Signature-Memory Models: A Neuro-Symbolic Architecture for Interpretable and Incremental Learning
Author: Michael San Martim
Affiliation: DataSpoc
Abstract
This paper introduces Signature-Memory Models (SMMs), a neuro-symbolic framework addressing deep learning's opacity and rigidity by decoupling representation, memory, and reasoning. Unlike parametric models compressing knowledge into weights, SMMs externalize knowledge through signatures—compact codes capturing salient micro-patterns via dimensionality reduction. These signatures are stored in a temporally-indexed associative memory (using FAISS) and retrieved for inference via interpretable symbolic rules. We validate SMMs on Iris, Wine, and MNIST datasets, achieving competitive accuracy (96-97% on smaller datasets, 94% on MNIST) with superior interpretability, memory efficiency (7-25× compression vs. kNN), and incremental learning support. We introduce Temporal SMMs (T-SMMs) incorporating temporal indexing, bridging SMMs with World Models for sequential tasks. Statistical validation, ablation studies, and concrete interpretability examples demonstrate SMMs as a step toward scalable, memory-based, explainable AI.
Keywords: Neuro-Symbolic AI, Associative Memory, Interpretable ML, Incremental Learning, XAI, World Models, Temporal Reasoning
1. Introduction
Deep neural networks dominate AI but suffer from: (1) Opacity—black-box predictions hindering trust, (2) Rigidity—static knowledge in parameters, and (3) Catastrophic forgetting during sequential learning [1]. Symbolic AI offers transparency but struggles with uncertainty and high-dimensional data [2].
We propose Signature-Memory Models (SMMs), externalizing knowledge into explicit memory.
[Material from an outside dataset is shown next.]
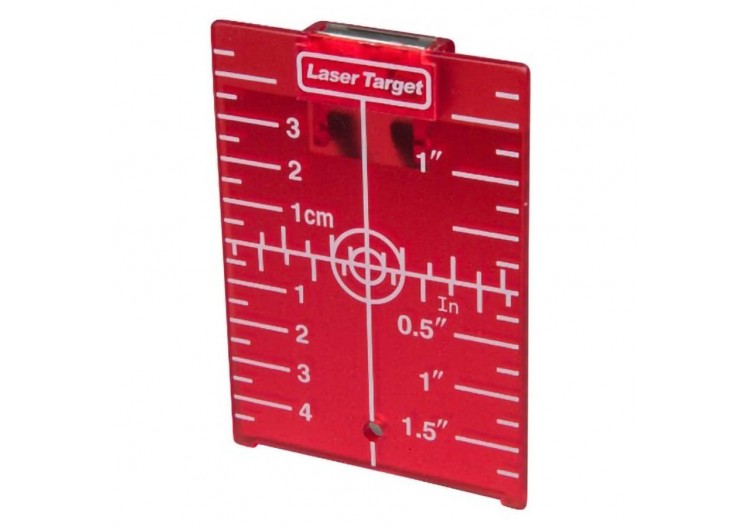 Cible Magnetique Reflechissante Rouge  - Stanley : Confort'Mat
Inputs map to compact signatures (bio-inspired codes), stored with labels and timestamps. Predictions retrieve similar signatures via FAISS indexing and apply symbolic reasoning (e.g., majority vote). This encode-store-retrieve-reason cycle, inspired by cortex-hippocampus interactions [4], provides interpretability while maintaining competitive accuracy.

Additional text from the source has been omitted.